We address issues on skill learning and motor control in humans and robots, and develop learning and control frameworks to achieve complex movements and skills in robotic systems. Our goal is to understand and formulate the principles of motion generation and control design. Our research interest is in the fields of dynamical systems theory, adaptive and optimal control and statistical learning, and their application to robotics.
We address the optimal control problems of robotic systems with variable stiffness actuation including switching dynamics and discontinuous state transitions. Our focus is to consider dynamic tasks that have multiple phases of movement, contacts and impacts with a requirement of exploiting passive dynamics. We develop a systematic methodology to simultaneously optimize control commands, time-varying stiffness profiles and temporal aspect of the movement to exploit the benefits of variable stiffness optimization. Applications to achieving dynamic tasks such as robot brachiation and hopping are explored.
Motivated by the need to bring dexterous and compliant control to complex and highly redundant robots such as humanoid robots, we conduct theoretical and empirical investigations of operational space control algorithms with redundancy resolution. The goal of this study is to examine the practical suitability of operational space control methods for complex high DOF robots. We consider velocity-based, acceleration-based and force-based controllers in the literature, and also develop several new algorithms. We address the practical properties and performance of different approaches, particularly in light of inevitable modeling errors of the robot dynamics.
With the requirement of the system's model for motor control in robots and humans performing dynamic motion, we develop a provably stable learning adaptive control framework with statistical learning. Our algorithm employs nonlinear function approximation with automatic structure adaptation and achieves rapid and stable learning. Furthermore, from a perspective of human motor control in computational neuroscience, we address formal stability analysis of the feedback error learning scheme. We derive stability conditions for feedback error learning from the viewpoint of adaptive control.
In this study, we develop a framework for learning biped locomotion using dynamical movement primitives based on non-linear oscillators. We use dynamical movement primitives as a central pattern generator (CPG) of a biped robot.
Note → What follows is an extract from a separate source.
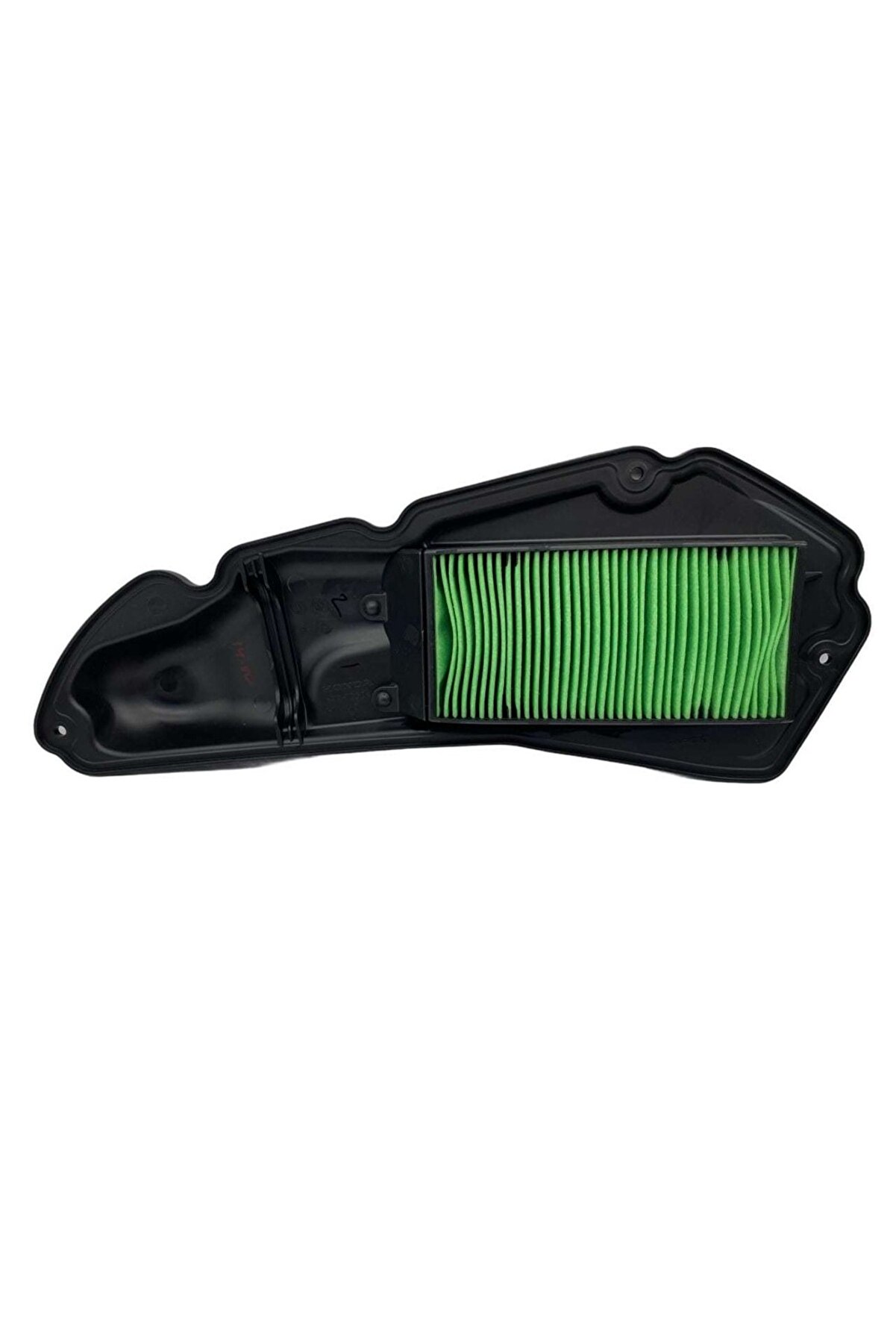 Csr Honda Pcx 125 Hava Fi̇ltresi̇ (2021-2022-2023 Model Yılları I&ccedil;i̇n) Uyumlu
Demonstrated trajectories are learned through movement primitives by locally weighted regression, and the frequency of the learned trajectories is adjusted automatically by a frequency adaptation algorithm based on phase resetting and entrainment of coupled oscillators. The role of phase resetting is evaluated for robust walking against external perturbations and environmental changes.
The goal of this study is to develop an encoding scheme for complex movements with dynamical systems for imitation learning. Trajectories are represented in a set of nonlinear differential equations with well-defined attractor dynamics equipped with a nonlinear function approximator as a forcing term. Demonstrated movements are learned through locally weighted regression allowing rapid learning. Our approach has desirable properties such as ease of scaling of learned trajectories and online modulation with perceptual coupling and also has been applied to achieving a wide variety of tasks.
In this study, we investigate control strategies to achieve dynamically dexterous behavior of robotic systems with a focus on underactuation. We consider brachiation as an example of interesting form of dynamic locomotion with the help of gravity. The task is encoded as an output of a target dynamical system motivated by the physical insight into the task. We address the problems of swing locomotion, swing-up and forward velocity control of brachiation. In addition, we explore leaping maneuver including flight phase during locomotion.